***** Records for the exercise *****

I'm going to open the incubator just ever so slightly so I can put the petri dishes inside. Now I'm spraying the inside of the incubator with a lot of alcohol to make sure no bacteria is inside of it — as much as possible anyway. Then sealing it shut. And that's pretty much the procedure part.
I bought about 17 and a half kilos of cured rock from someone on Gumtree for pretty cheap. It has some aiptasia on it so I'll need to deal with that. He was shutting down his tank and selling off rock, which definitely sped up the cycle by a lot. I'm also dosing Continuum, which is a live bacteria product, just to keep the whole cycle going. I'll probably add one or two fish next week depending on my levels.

*****
***** Records for the exercise *****

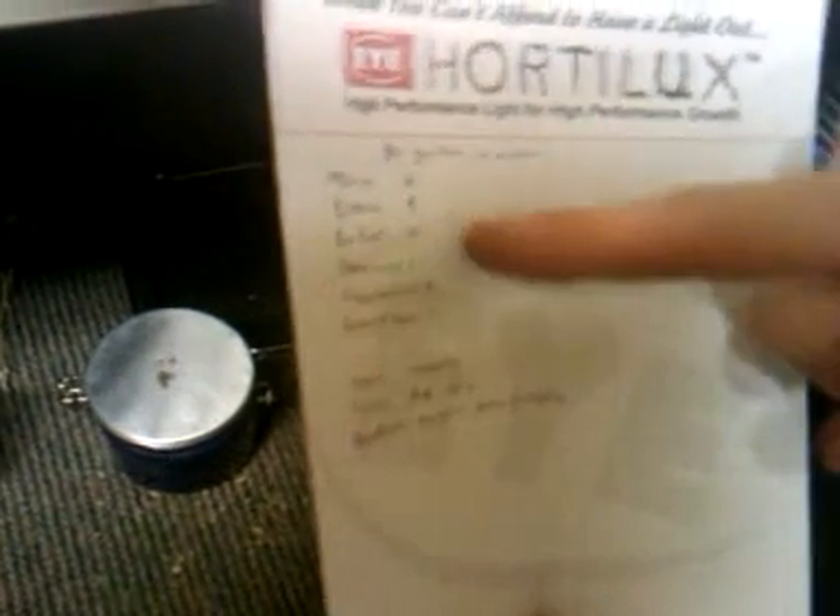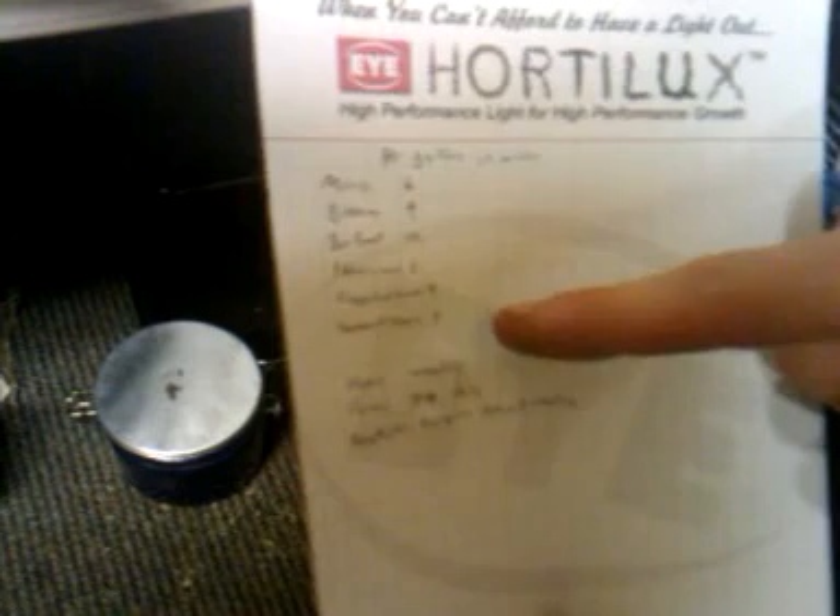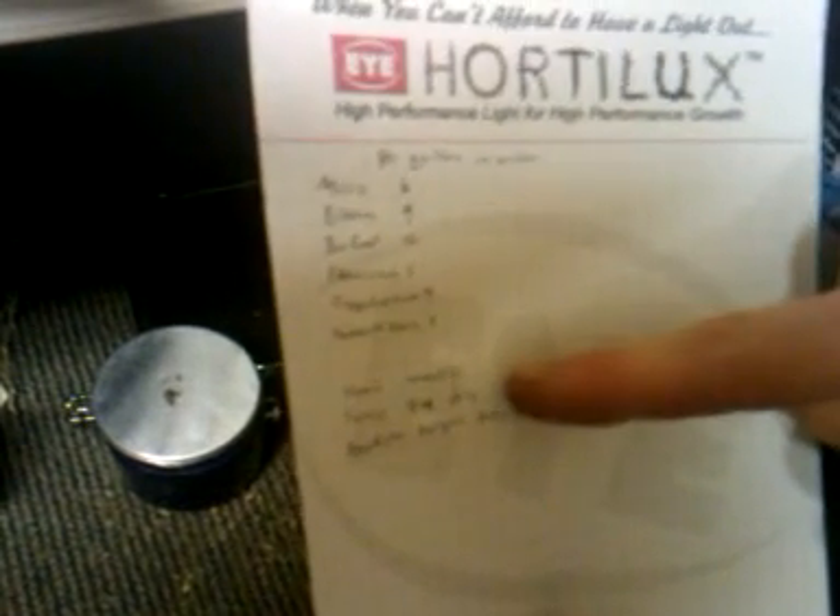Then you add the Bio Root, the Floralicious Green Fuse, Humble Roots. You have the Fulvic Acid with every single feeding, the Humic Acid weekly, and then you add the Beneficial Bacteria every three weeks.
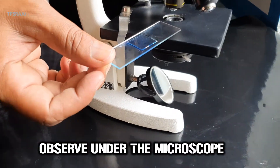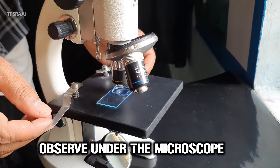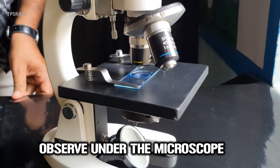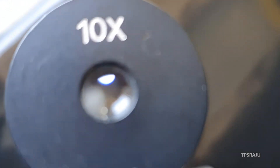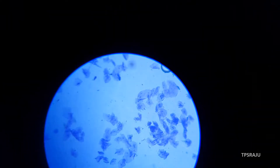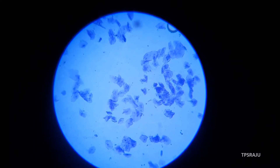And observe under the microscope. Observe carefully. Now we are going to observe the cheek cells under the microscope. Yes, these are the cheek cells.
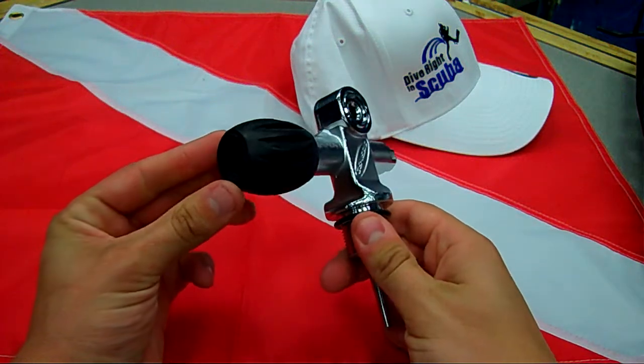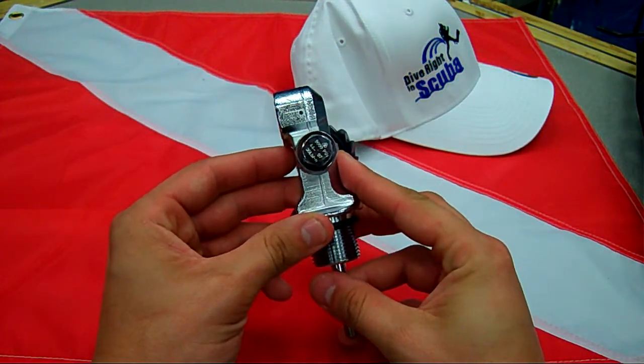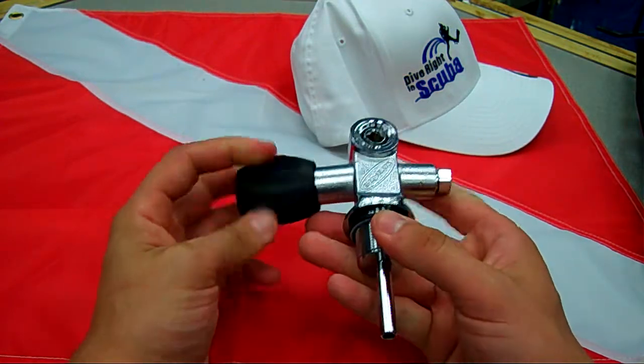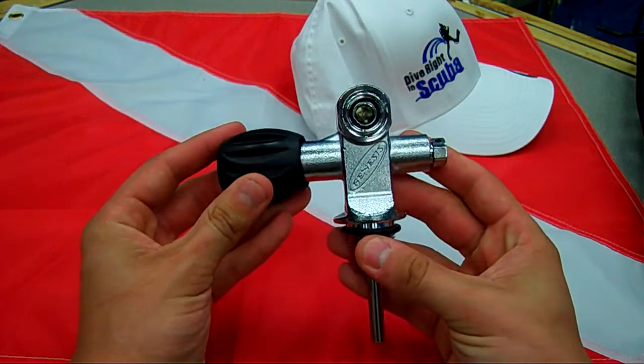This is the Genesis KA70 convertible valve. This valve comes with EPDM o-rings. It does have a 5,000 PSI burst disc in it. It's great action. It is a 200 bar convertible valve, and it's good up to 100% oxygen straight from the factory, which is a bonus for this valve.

*****

#### What to do
Look above for the line with "Then you add the Bio" and the line with "And observe under". Give again exactly those two lines and all lines between them, pictures excluded.

#### Answer section
Then you add the Bio Root, the Floralicious Green Fuse, Humble Roots. You have the Fulvic Acid with every single feeding, the Humic Acid weekly, and then you add the Beneficial Bacteria every three weeks.
And observe under the microscope. Observe carefully. Now we are going to observe the cheek cells under the microscope. Yes, these are the cheek cells.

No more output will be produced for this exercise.